The officers were both retired but came back to work to be school resource officers.

Posted: Sep 23, 2019 3:20 PM
Updated: Sep 23, 2019 5:52 PM

Sheffield City Schools now have resource officers in every school.

A state law change takes retired police officers with 25 years experience in good standing out of retirement and puts them in Sheffield's two elementary schools without having to go through re-certification.

Officer Howell is the new school resource officer at W.A. Threadgill Primary School, and Officer Hugley is at L.E. Wilson Elementary School.

"I'm enjoying it. I love my job. I like being here, and it's very fulfilling," said Officer Hugley.

Both Hugley and Howell have been on the job for several weeks. Stoney Hugley retired from the Colbert County Sheriff's Office back in March. He said he was enjoying retirement when the Sheffield police chief called him and asked if he wanted to come on board as a school resource officer.

"I called him back and told him, 'Yeah, I'd be glad to,' and I just fell back into the swing of things," said Hugley.

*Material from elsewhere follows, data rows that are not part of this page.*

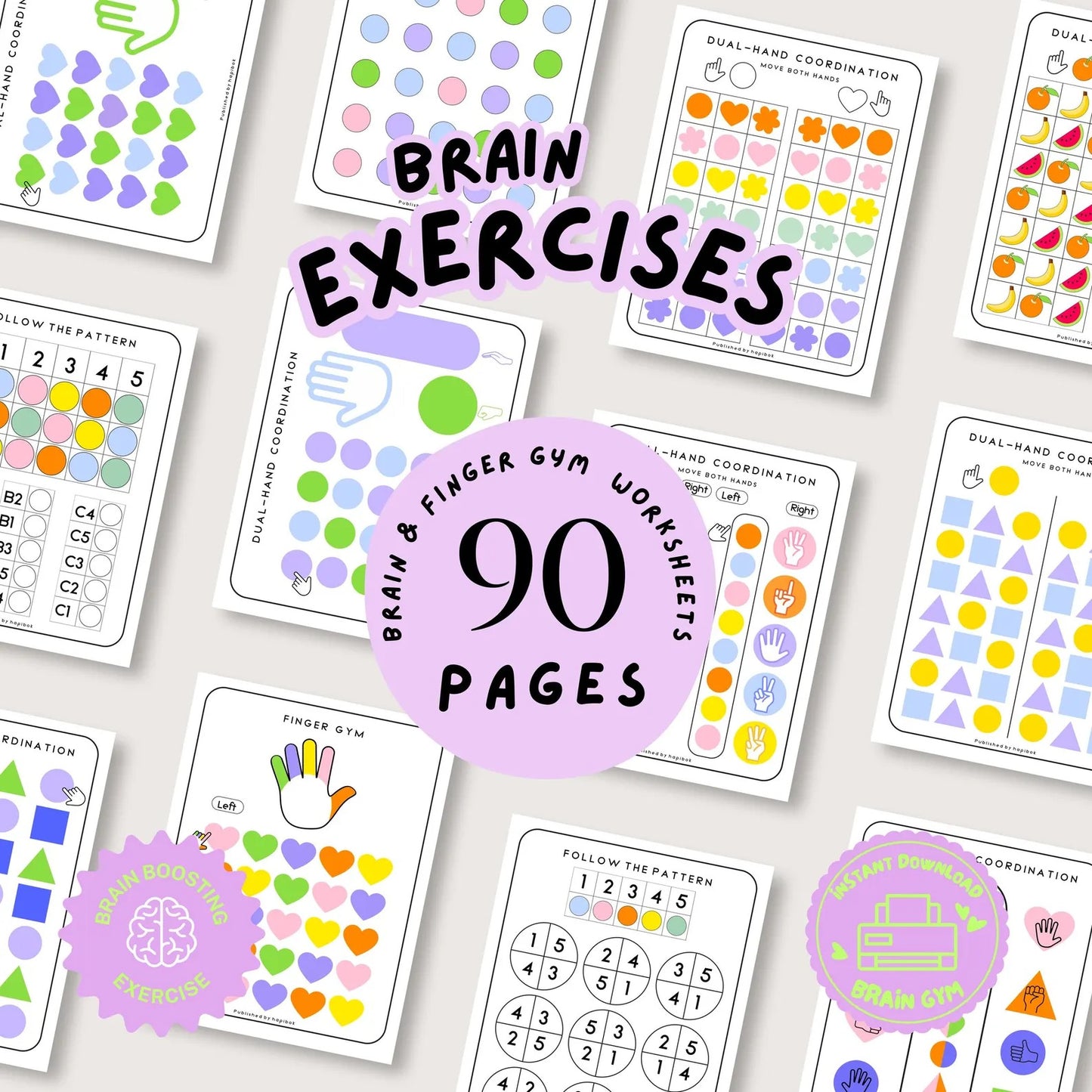 90 Brain & Finger Gym Worksheets for Kids (Printable PDF)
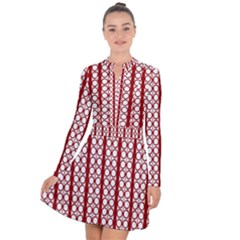 Circles Lines Red White Pattern Long Sleeve Panel Dress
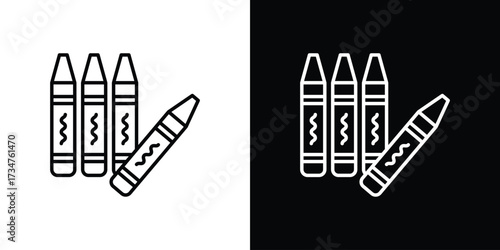 Crayon icon in black and white linear versions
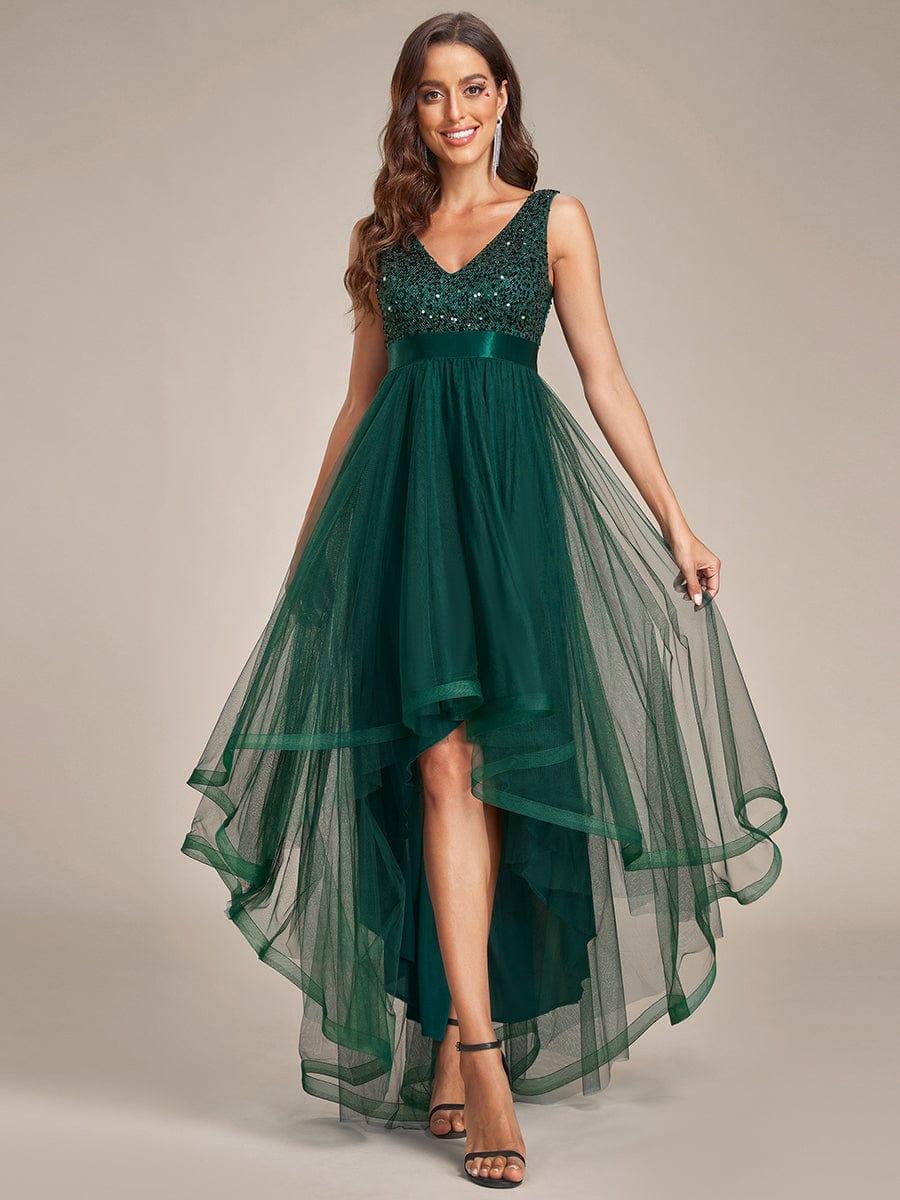 ever CALLIE|Sequin V-Neck Sleeveless High Low Evening Dress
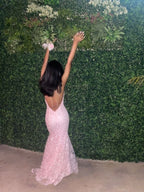 Sexy Mermaid Spaghetti Straps Sleeveless Lace Pink Prom Dress Birthday Outfit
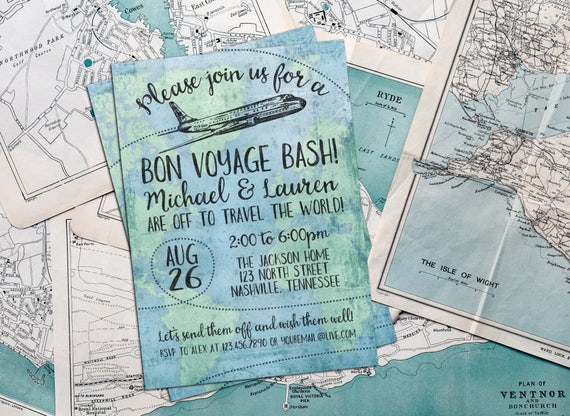 bon voyage invite personalized printable bon voyage bon voyage invite wording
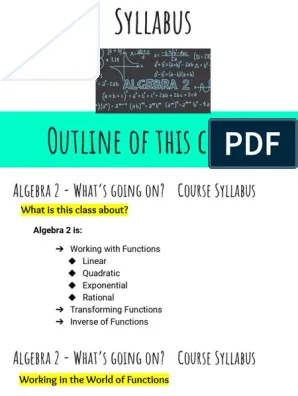 Algebra 2 Syllabus PDF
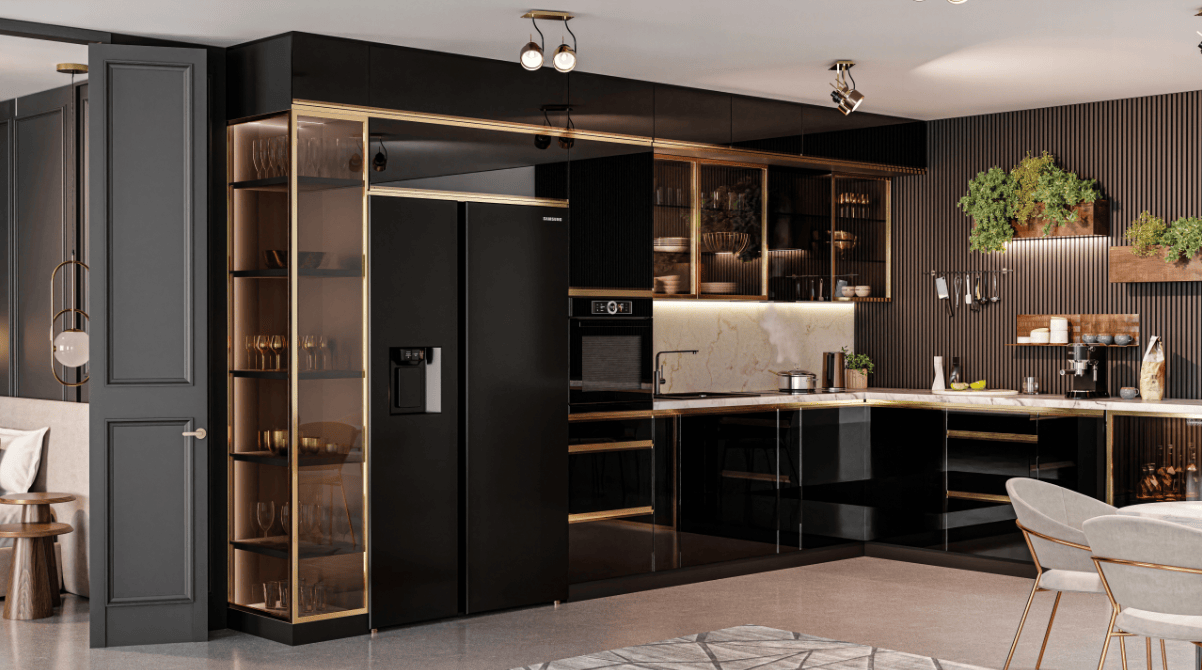 Czarna kuchnia w połysku ze złotymi uchwytami  na wymiar  i witrynami 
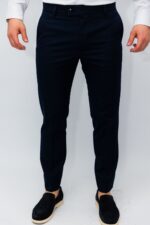 Pantaloni Barbati Chinos Bleumarin Din Bumbac Natural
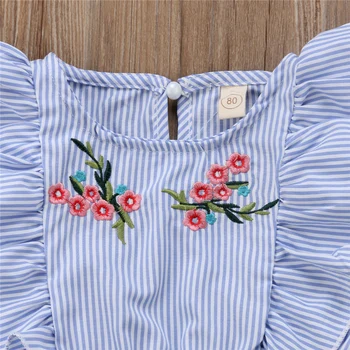2019 Mados Mielas Pyplys Vaikams Baby Girl Gėlių Dryžuotas Pynimas Romper Siuvinėjimo Gėlių Vasarą Blue Lace-up Jumpsuit darbo drabužiai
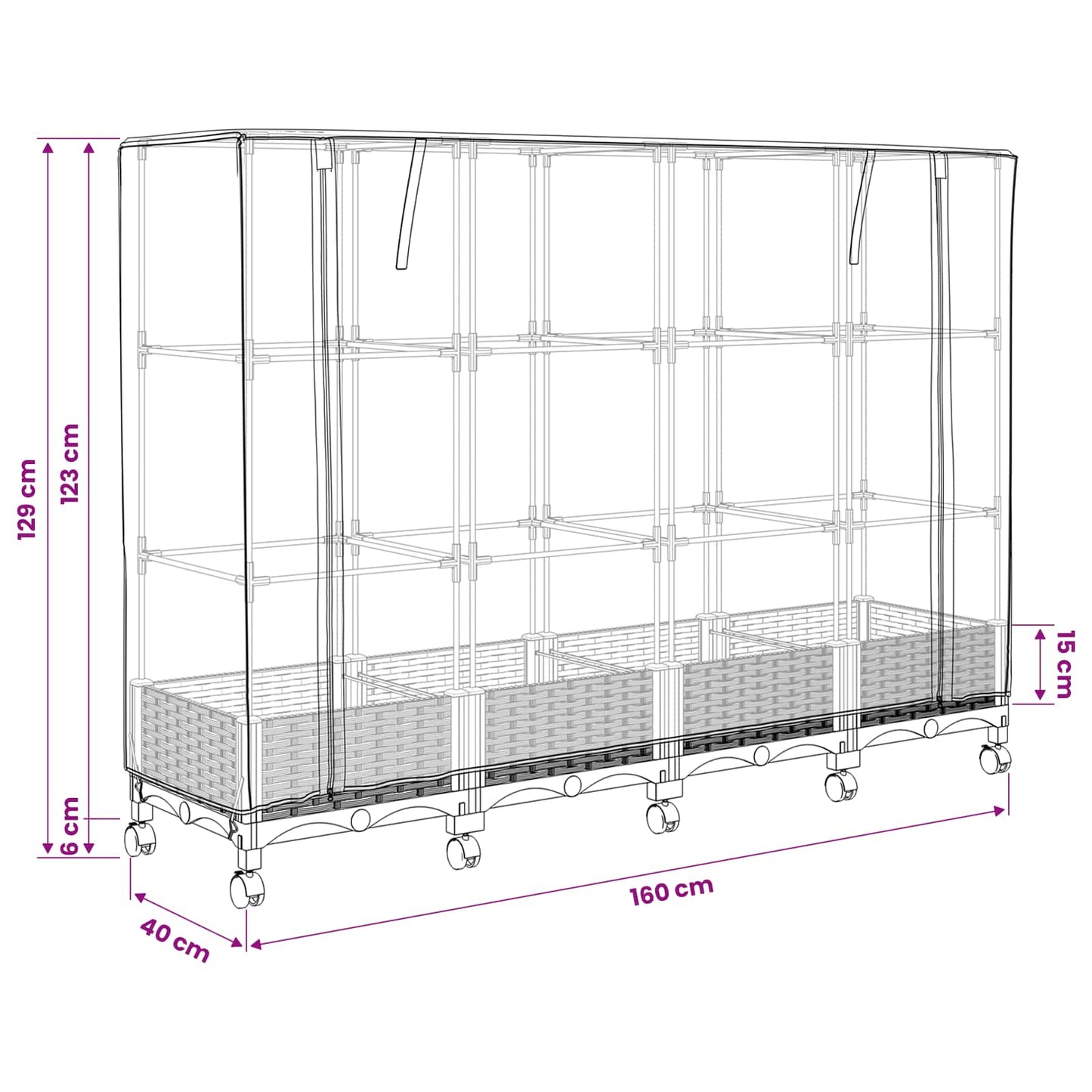 Garden Planter with Greenhouse Cover&Wheels 4 pcs Blue Grey PP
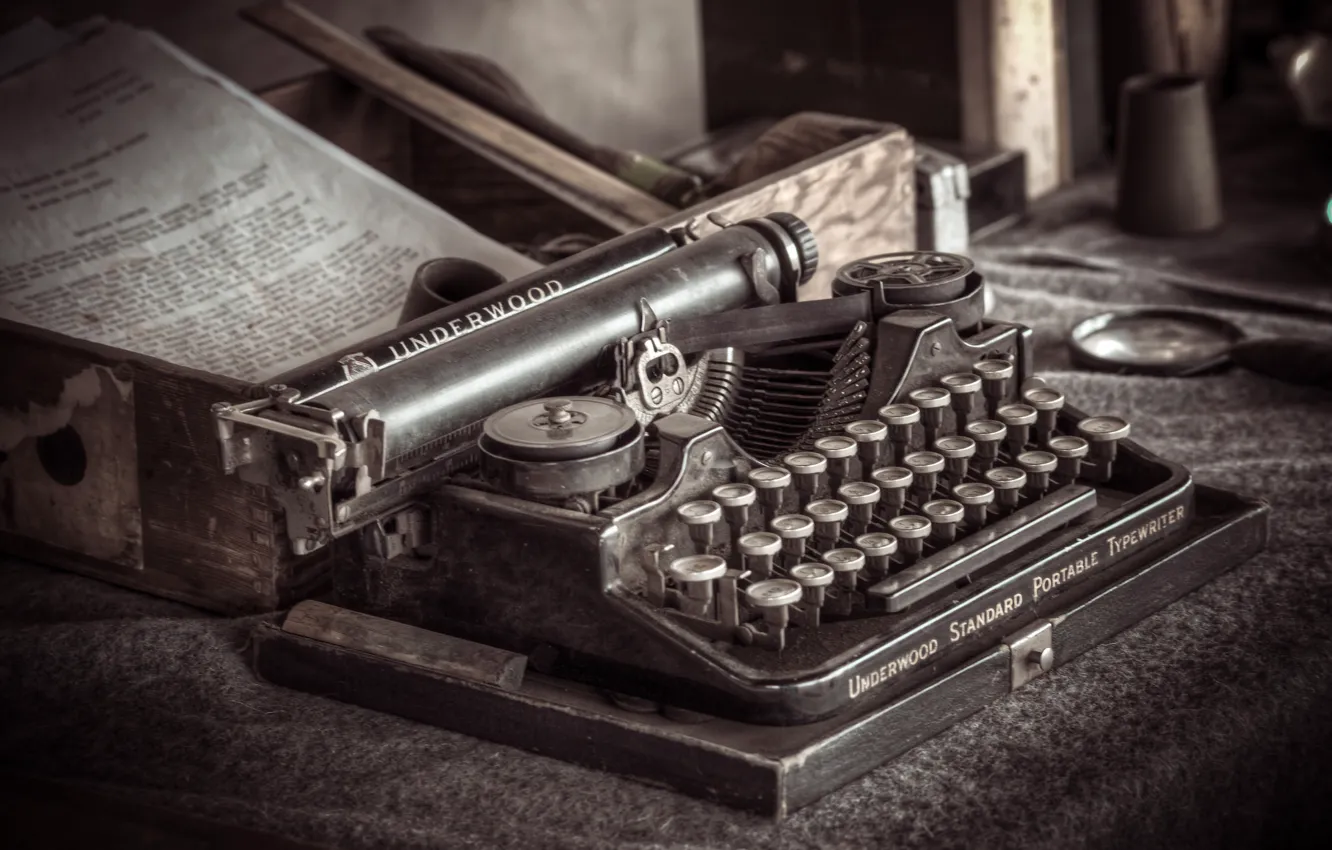 Фото обои макро, фон, old typewriter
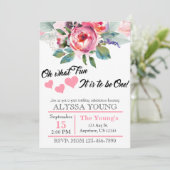 水彩かわいらしフローラ1歳の誕生日 招待状 (スタンド正面)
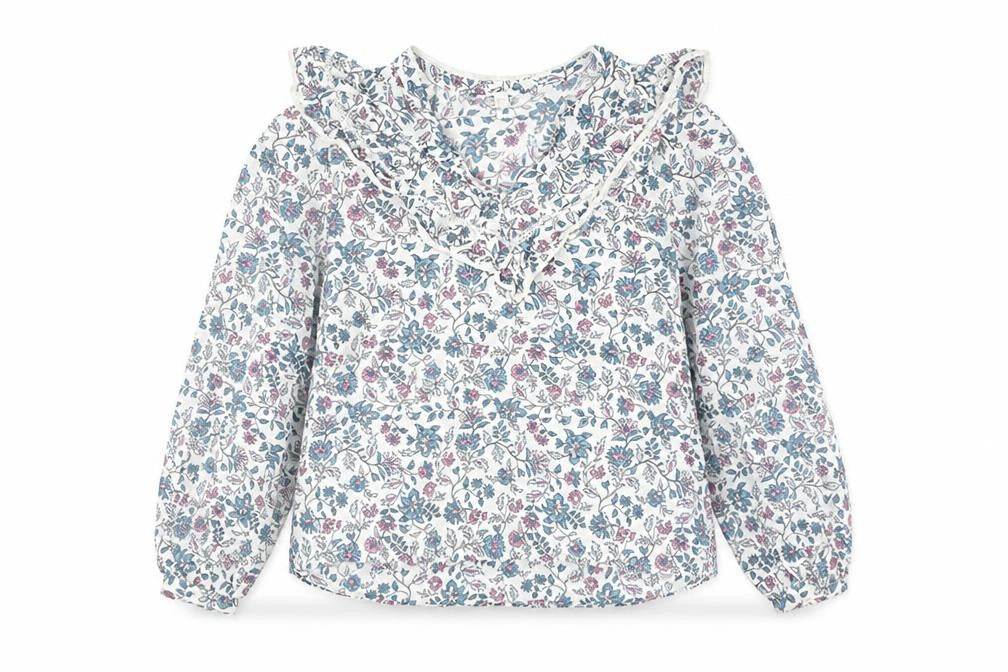 Springfield Women’s Multicoloured Floral Cotton Ruffle Blouse Size 10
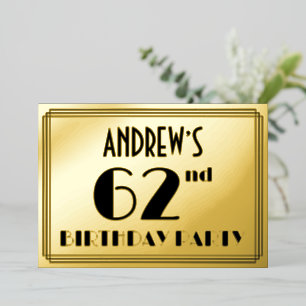 Invitación Con Relieve Metalizado 62ª Fiesta de Cumpleaños — Aspecto Art Deco "62" +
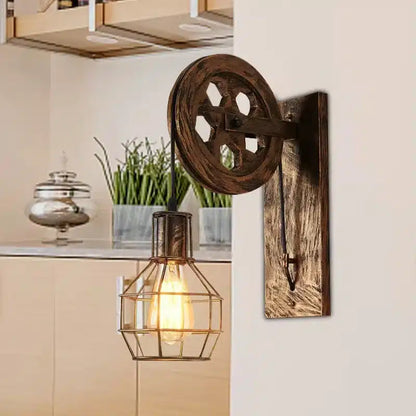 Applique Murale LED Rétro avec Poulie - Style Industriel Américain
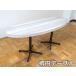 [ used ] business use ellipse table W1300×D500×H550mm wood grain desk low table runner table X legs black eat and drink shop coffee shop Cafe circle round shape 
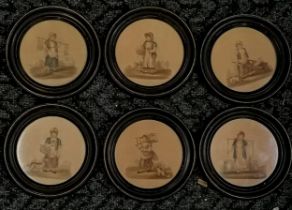 Regency set of 6 circular Cries Of London prints in original frames 18cm diameter - discolouration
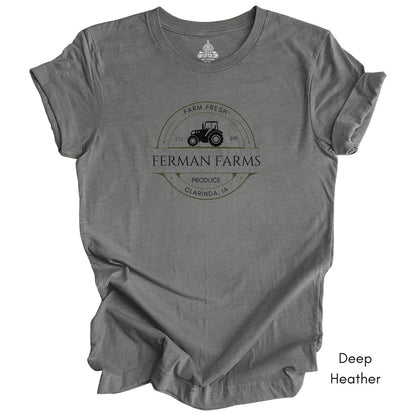 Custom Farm Tractor Unisex Jersey Light Weight T-shirt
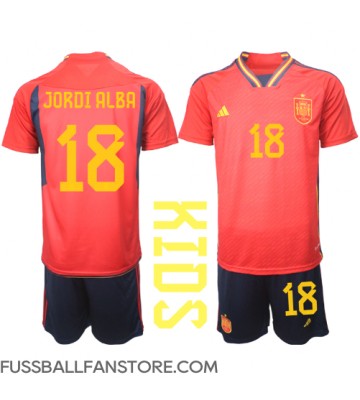 Spanien Jordi Alba #18 Replik Heimtrikot Kinder WM 2022 Kurzarm (+ Kurze Hosen)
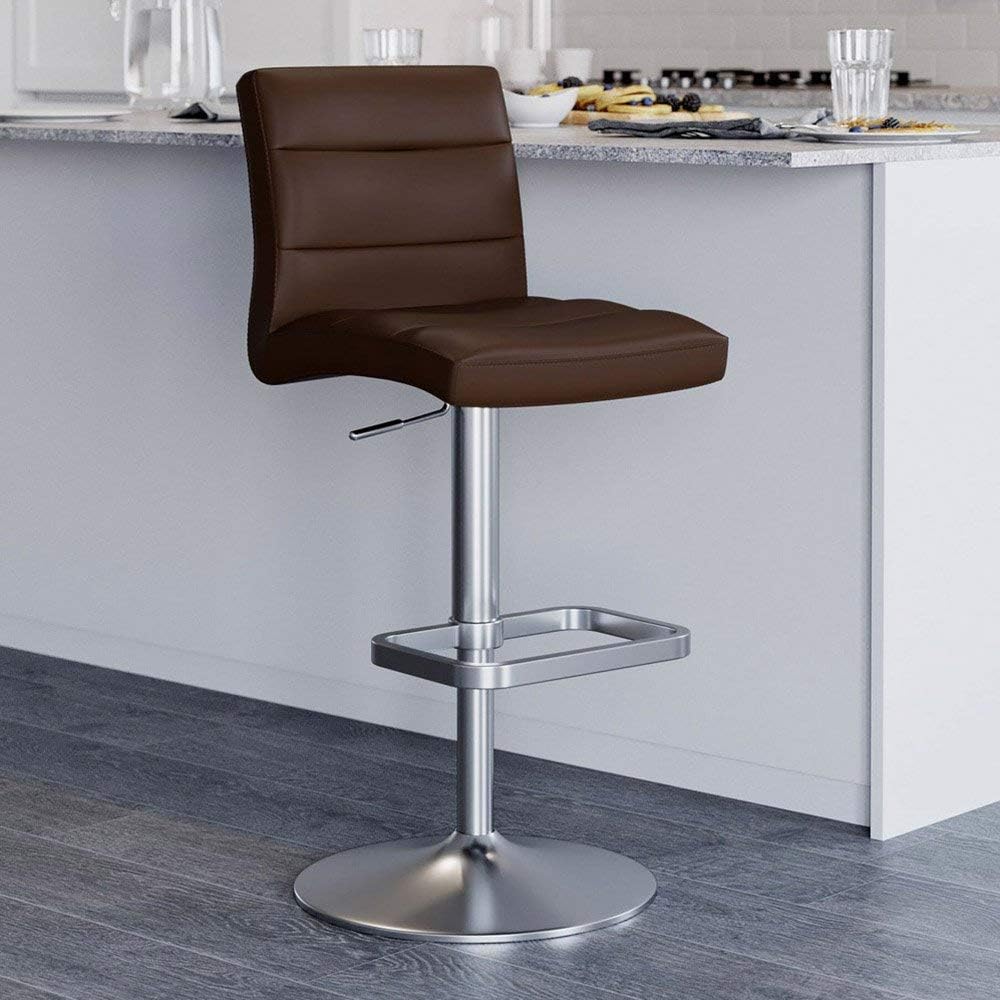 Zuri Furniture Black Lush Adjustable Height Swivel Armless Bar Stool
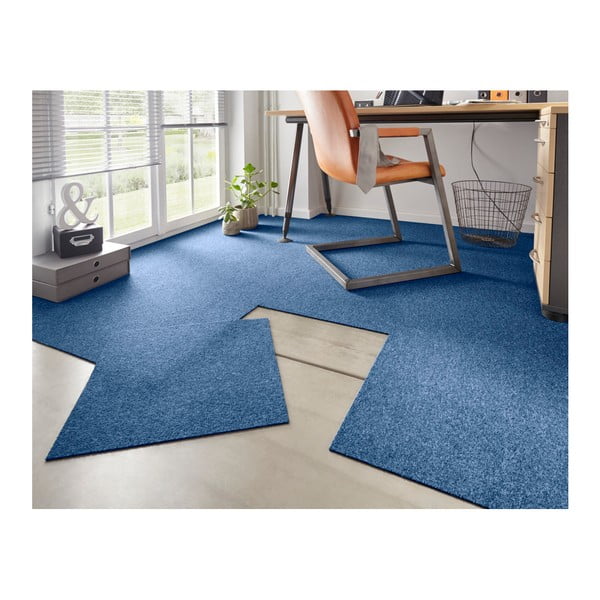Zestaw kwadratowych niebieskich kawałków dywanu Hans Home Easy, 50x50 cm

Under a new state law change, police departments can now hire retired police officers in good standing without having to do any re-certification, but they do have to go through an active shooter training course. That new law helped both elementary schools get added protection with the two new school resource officers.

"As a parent, when I dropped them off, I wanted them to be safe and I never had to worry about that, because their school had a full time SRO. So, I know when our parents drop their kids off, they feel the same way, so I can relate as a parent," said the L.E. Wilson Elementary School principal, Heather Collum.

Collum said having Officer Hugley on campus gives her peace of mind.

"He's a professional. I'm a professional. We've collaborated on those things, so I know that if something were to happen, he's right here with me and we wouldn't have a wait time," said Collum.

Officer Hugley and Officer Howell said protecting students is their number one priority, but they use this opportunity to make those friendships too.

"I try to not be their mom or dad, but be a role model for them and be respectful, and it just feels like you're doing a good work," said Hugley.

Both Hugley and Howell are at their schools anytime they're in session to protect students and staff. The officers are paid $15 an hour and that cost is split between the school system and police department.